Dir: Silvio Soldini | Drama 119′
It sounds exciting and The Tasters is certainly a beautifully filmed but curiously un-involving drama that follows seven German women tasked with trying out Hitler’s food, based on Italian author Rosella Postorino’s bestselling novel At the Wolf’s Table inspired by the true story of Margot Wölk.
Here she’s called Rosa Sauer (and is played by Elisa Schlott) and has left Berlin to escape the bombs of World War II, when she finds herself selected to become one of Hitler’s food tasters—joining the other women whose sole job it is to sample every dish prepared for the Führer and ensure it hasn’t been poisoned.
As the war rages on, Rosa finds herself torn between divided loyalties, the chilly tone warming up when she finds herself strangely drawn to the handsome SS officer Lieutenant Ziegler (Max Riemelt), probably because her husband is now missing in Russia, presumed dead, giving the film a few torrid moments.
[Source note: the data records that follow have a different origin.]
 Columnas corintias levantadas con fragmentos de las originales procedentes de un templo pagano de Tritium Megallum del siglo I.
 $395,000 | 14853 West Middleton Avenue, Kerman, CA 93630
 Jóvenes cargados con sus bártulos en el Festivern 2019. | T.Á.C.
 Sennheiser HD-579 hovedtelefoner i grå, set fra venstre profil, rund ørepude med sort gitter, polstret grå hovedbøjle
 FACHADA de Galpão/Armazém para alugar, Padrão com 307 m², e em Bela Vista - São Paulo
One of the girls, the sharp-tongued Elfriede (Alma Hasun) has a secret that could mean death for them both. That’s if the food doesn’t kill them beforehand.
With authentic attention to detail, production values are immaculate, and so are the performances, particularly from Schlott who is a cool but magnetic presence in this story about female solidarity during wartime.
Quite why six writers were involved in the screenplay is uncertain but this is an intelligent film that eventually becomes compulsive in exploring female friendship, resistance, desire, and the emotional cost of complicity while revealing how intimacy and suspicion can coexist in the shadow of authoritarian power.